А через три дня ей позвонил Дэниел Сегачян и сказал, что у них возникли проблемы с финансированием ее проекта.
– Всего каких-то три минуты унижений, – уговаривала ее Сюзанна, в обеденный перерыв заглянув к ней в кабинет. – Неужели ты действительно не понимаешь? Три минуты, и все сразу поймут, что на самом деле ты никуда уходить не собиралась. И Пол сразу поймет, что ничего дурного ты в виду не имела. Или ты, черт побери, и впрямь собралась уйти? Да ладно тебе. Смирись. Преклони перед королем колена. Попроси прощения. Пол просто обожает подобную чушь.
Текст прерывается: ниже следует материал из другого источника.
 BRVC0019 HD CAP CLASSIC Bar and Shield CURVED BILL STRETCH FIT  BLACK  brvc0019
Почему ей тогда казалось, что поступить так совершенно невозможно, недопустимо?
После разговора с Сюзанной Кэрол отправилась на регулярную встречу со своими тремя сотрудниками, проходившими постдокторантуру и вместе с ней работавшими над альфа-проектом, связанным с протеинкиназой С. Встреча проходила в комнате, за окном которой был маленький квадратный псевдояпонский садик. Минималистские бетонные скамьи, прямоугольный прудик, сирень и китайская груша с округлой кроной. Ветер чуть морщил поверхность воды в прудике. Кэрол чувствовала, как трудно ей сосредоточиться на предмете обсуждения. В голову почему-то лезли воспоминания о последней прогулке, которую они совершили по Провинстауну с Айшей. И о горбатых китах, что плавают близ заповедника Стеллваген-Бэнк. Три тысячи миль в год по морям, где на глубине в 40 морских саженей царит вечная ночь, проплывают эти киты, точно заградительные буйки над подводными хребтами…
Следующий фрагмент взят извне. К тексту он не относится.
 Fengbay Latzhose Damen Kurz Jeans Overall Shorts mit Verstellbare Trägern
Внезапно Кэрол показалось, что комната доверху заполнена водой. Толщу воды пронизывали полосы солнечного света, точно белые иглы, а ее поверхность была где-то далеко-далеко над головой Кэрол, и под ногами у нее была непроницаемая тьма. И вокруг тоже. Она слышала, что Айвен что-то говорит ей, но его голос она воспринимала как голос диктора далекого радио, таким он был жестяным, нереальным. «Дыши, – говорил ей Айвен. – Постарайся поглубже вдохнуть. Ну же, дыши, дыши…» Но дышать она не могла, потому что, если б только открыла рот, вода тут же хлынула бы ей прямо в легкие…
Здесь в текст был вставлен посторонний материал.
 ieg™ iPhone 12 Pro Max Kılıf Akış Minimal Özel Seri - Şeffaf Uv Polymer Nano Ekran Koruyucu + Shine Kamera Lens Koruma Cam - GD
Несмотря на мучительные воспоминания, Кэрол все же удалось наконец забыться, хотя сон был неглубоким, поверхностным, и уже в начале четвертого она проснулась после очередного неприятного тревожного сна и отчетливо услышала, что в дом кто-то вошел. Естественно, спать она больше не могла – ей нужно было убедится, что внизу никого нет, и она, вскочив с постели, спустилась в гостиную. Но там никого не было, зато исчезла ее мать. Кэрол тут же выбежала на улицу, но там царил покой и безмолвие. Она вернулась в дом, обулась и быстро обежала весь сад, осматривая каждое дерево и треугольную площадку в центре квартала, взывая: «Мам!.. Мам!..» – словно потерявшуюся собаку звала.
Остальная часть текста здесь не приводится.